Thinking about Paywalls and Writing

I’ve been thinking a lot about Andrew Sullivan’s new venture (still) and wanted to get some thoughts down. These may be disjointed — I’m using this post as a scrapbook of sorts.

In general, writers probably want to spread their ideas as much as they want to make money.

Books do both, but online, the expected cost for the reader is $0. If you charge, you lost the vast majority of that audience — like the penny gap, but for content.

The default rule should, therefore, be that you don’t want to charge people to read. Forget the business model for a moment — if your goal is to influence or something similar, it makes a lot more sense to keep (most of?) the content free.

This isn’t absolute, even if the given is true. Gated content at a top publication (e.g. ESPN’s Insider) is probably better than ungated content at a much smaller one, but that’s an ever-thinning exception outside of sports (where ESPN is the clear market leader). Part of the value comes from the size of the publication, as your reach is larger even with the paywall; part comes from the reputational value of the larger pub (which is probably why books are still awesome for spreading ideas).

Reader-experience aside, where the money comes from shouldn’t really matter much.

This isn’t an observation about ads. Let’s assume you solicit donations to support your writing. $100,000 from one person is the same as $10 from 10,000 people each. Assuming that there’s no expectations on behalf of the donor, the two should be identical to the writer.

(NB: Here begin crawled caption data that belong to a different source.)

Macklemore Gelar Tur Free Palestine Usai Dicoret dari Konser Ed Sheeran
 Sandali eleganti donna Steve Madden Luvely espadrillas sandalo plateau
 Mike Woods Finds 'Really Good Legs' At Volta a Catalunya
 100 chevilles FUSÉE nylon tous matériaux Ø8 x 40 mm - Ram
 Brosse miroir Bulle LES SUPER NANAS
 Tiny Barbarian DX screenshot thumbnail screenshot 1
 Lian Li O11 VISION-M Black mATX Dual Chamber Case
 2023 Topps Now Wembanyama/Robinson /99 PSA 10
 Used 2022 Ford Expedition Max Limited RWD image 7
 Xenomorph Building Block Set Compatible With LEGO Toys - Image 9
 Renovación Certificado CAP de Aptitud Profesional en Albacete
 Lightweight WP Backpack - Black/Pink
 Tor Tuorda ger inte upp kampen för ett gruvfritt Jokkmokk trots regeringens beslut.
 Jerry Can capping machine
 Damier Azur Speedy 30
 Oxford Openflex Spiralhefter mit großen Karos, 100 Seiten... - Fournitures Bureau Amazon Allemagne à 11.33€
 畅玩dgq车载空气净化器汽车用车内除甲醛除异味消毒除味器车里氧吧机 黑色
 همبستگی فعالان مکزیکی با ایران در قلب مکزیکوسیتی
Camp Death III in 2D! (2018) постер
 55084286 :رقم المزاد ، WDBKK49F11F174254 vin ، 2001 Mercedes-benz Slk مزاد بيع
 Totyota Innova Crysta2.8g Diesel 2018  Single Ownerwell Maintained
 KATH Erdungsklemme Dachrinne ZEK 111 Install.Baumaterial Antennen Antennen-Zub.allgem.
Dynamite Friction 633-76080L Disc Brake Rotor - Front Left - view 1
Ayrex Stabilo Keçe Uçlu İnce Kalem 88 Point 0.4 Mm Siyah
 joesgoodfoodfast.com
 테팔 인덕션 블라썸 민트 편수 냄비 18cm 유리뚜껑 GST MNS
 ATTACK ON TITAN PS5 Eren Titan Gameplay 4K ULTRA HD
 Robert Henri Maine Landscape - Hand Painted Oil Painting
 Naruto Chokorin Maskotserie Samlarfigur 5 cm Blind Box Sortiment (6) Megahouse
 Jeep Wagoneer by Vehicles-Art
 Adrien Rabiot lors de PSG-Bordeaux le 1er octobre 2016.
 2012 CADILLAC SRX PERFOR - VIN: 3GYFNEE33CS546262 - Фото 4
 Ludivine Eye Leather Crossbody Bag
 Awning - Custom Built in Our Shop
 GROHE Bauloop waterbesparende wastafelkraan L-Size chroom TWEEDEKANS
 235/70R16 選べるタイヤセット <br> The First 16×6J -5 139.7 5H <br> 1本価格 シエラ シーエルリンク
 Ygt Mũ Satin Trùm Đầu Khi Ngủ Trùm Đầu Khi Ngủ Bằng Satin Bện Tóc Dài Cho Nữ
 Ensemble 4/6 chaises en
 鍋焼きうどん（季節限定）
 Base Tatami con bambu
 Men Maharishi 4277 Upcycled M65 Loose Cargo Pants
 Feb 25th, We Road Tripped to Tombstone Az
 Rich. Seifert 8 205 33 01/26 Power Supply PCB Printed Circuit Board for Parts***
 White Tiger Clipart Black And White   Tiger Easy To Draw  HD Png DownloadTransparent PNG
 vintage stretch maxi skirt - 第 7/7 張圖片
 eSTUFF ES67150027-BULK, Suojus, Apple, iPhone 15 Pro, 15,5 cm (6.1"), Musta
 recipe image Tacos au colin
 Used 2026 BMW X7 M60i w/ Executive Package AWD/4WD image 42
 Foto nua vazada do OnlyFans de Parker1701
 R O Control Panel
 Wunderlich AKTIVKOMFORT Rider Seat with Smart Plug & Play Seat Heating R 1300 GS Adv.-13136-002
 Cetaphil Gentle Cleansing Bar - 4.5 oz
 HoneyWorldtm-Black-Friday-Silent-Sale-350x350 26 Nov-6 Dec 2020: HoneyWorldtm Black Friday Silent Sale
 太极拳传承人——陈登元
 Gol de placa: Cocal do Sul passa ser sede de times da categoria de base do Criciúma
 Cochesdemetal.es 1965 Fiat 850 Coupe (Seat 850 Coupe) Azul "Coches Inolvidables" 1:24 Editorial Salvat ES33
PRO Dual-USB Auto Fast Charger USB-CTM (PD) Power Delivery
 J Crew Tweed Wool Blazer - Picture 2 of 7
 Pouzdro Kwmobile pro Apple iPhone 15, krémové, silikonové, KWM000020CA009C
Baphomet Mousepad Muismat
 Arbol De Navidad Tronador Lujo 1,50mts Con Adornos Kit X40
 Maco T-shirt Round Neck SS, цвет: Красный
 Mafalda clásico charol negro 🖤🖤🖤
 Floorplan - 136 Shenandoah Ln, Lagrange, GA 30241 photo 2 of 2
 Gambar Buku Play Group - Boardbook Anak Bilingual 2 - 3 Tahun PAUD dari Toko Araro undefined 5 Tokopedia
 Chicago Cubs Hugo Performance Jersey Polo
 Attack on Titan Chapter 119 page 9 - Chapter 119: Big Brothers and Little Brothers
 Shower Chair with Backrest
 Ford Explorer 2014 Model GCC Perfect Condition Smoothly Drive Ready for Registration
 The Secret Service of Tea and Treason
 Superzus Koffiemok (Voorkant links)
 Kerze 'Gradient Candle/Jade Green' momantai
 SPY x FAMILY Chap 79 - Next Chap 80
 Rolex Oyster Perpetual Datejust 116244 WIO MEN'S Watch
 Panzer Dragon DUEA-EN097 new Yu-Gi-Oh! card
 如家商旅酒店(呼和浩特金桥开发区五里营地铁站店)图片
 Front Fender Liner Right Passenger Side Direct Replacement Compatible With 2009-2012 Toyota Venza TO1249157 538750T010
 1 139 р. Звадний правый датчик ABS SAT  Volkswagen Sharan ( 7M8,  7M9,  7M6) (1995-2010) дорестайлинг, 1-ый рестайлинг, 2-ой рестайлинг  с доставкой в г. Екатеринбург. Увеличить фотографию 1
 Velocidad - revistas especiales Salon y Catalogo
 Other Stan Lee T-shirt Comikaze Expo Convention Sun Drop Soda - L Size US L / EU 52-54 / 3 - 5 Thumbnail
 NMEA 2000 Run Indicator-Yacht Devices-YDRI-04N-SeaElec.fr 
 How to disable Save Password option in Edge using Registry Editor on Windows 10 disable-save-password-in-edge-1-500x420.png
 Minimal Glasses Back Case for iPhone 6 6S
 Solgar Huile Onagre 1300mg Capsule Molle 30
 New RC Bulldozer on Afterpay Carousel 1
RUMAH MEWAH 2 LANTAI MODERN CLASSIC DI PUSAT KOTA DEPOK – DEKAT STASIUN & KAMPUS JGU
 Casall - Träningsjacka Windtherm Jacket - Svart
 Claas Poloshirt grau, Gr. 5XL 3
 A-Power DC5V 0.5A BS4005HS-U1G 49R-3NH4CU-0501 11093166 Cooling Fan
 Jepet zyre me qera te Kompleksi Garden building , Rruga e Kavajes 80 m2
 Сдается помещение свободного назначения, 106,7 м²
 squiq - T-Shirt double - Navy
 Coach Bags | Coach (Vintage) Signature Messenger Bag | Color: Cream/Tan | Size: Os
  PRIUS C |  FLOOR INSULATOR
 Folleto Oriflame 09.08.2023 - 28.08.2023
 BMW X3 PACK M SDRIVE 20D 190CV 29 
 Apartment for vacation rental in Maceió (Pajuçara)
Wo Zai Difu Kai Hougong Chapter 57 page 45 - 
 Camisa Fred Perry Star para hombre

There are some exceptions to this, too. Some people believe that if you don’t pay for content, you shouldn’t be entitled to it; or, perhaps, that if some people pay, others shouldn’t be entitled to it.

There may be more money in ex post donations than ex ante purchases.

This is rank speculation on my part. But: are people buying access to future Andrew Sullivan content, or donating in thanks of past content? I think there’s a good case to be made that it’s more the latter than the former:

I’m eyeballing this, and, treating the $20 buyers as the same as $19.99 buyers, it looks like about 60% of his day-one buyers spent the minimum. I think it’s fair to say that the other 40% are as much donors as they are purchasers — and obviously, some (I’d say the 10% who paid $50 or more) are clearly donors over purchasers.